Took a week off mid-July and went to Le Marche in Italy. We drove down from the French Alps through the Mont Blanc Tunnel and reached Modena for lunch. The place I had hoped to find, ‘Restaurant Lauro’ full of car memorabilia, seemed to have disappeared, but fortunately I had an old Michelin red Guide to Italy and it helped us out with somewhere else. It was Sunday and Modena was like a ghost town – don’t know if this is always the case on Sunday, or just in summer. We found a great restaurant, Zelmira with a few people sitting outside (where it was almost too hot to sit), and we followed what others were doing and ordered 50cl of house red Sangiovese with ice! It worked perfectly with the first pasta of the trip.
We were staying for 6 nights in Le Marche in the Verdicchio dei Matelica DOC (western, more inland and I think, higher in altitude than the better known Verdicchio dei Castelli di Jesi DOC). We bought some bottles in Matelica after a tasting at the Enoteca Communale and were not disappointed with these or any that we drank in various restaurants and bars. They were invariably fresh, clean, quite delicate, ideal for summer and flexible with food. Whereas the cheaper ones don’t have much character, better ones showed more depth and a slightly stoney, dried fruit character.
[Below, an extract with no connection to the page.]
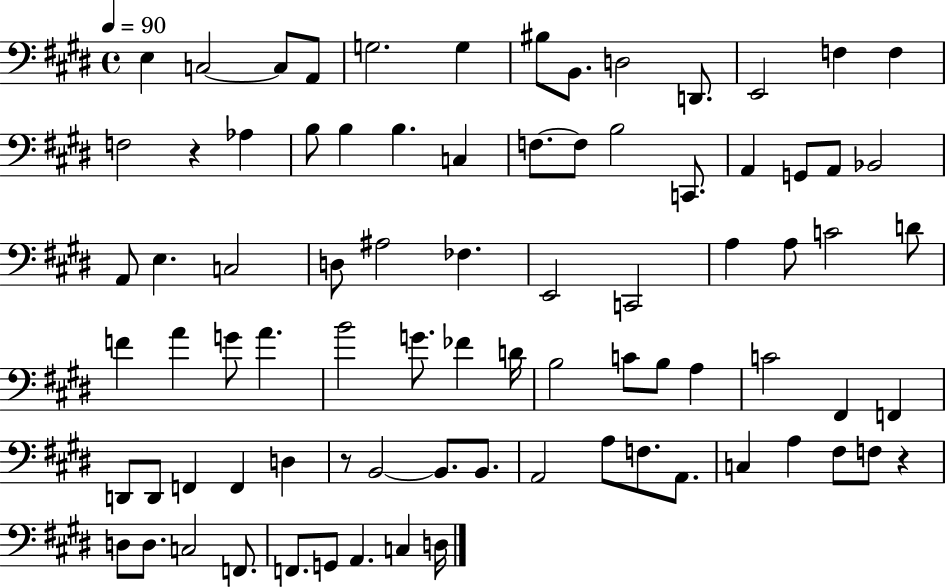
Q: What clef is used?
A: bass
Belisario is the largest producer with a good range at different levels and we also found some good wines from La Monacesca.
A tip if by any chance you are in Matelica: Armani have a factory shop on the northern side of the town … it just has a big sign ‘Factory Shop’ – Armani is in very small letters!
What struck us in particular was that whenever you order a drink in a bar here, you get served a substantial snack. In fact on several occasions at lunchtime, I saw someone – usually on their own – effectively have their lunch, by ordering two drinks. Snacks are normally be olives, nuts, but also mini-sandwiches, focaccia and/or pizza chunks. Drinkable wine by the glass is always easy to come by too. Oh, to find something similar in France! See an article that Jancis Robinson wrote about this after a recent visit she made to Tuscany:
A good restaurant to visit between Castelraimondo and Matelica is Il Giardino degli Ulivi. Billed as ‘Agriturismo’ it’s an old house converted into a little restaurant with rooms on the edge of a village with a horse farm attached. Looked nice to stay in. There is simply one set meal – delicious antipasta (photo by Brett, above), classic pasta tomato dish, an unexpectedly tasty turkey main course and yummy puddings. We ended up sharing a table with a delightful Italian couple who fortunately spoke English! I asked them, once I had got to know them a bit about what ‘Agriturismo’ really means – and got a wry smile. “It’s political” … if you want to do up your house and you promise to offer rooms to let with food, or a restaurant using ingredients from your own land, you can get a big grant! So, they are not necessarily all that they seem. This one was good though, but the name ‘Agriturismo’ doesn’t really work in English. Found this blog also talking about the term:
En route back we had a Saturday evening in Bologna, and found a few places closed for summer, but did manage to go to what we thought was a wine bar and turned out to be more of a restaurant: Cantina Bentivoglio – we thought they had jazz every night, but it turns out that in summer it’s more lucrative for them to rent out the jazz room to groups – there was a huge German group when we were there, who ended up singing … The main restaurant where we were was very atmospheric with some impressive empty bottles/magnums on display. We decided to go south for the wines, rather than drink the local Lambrusco, and drank a half of delicious Grillo white followed by a Taurasi 2005. Excellent!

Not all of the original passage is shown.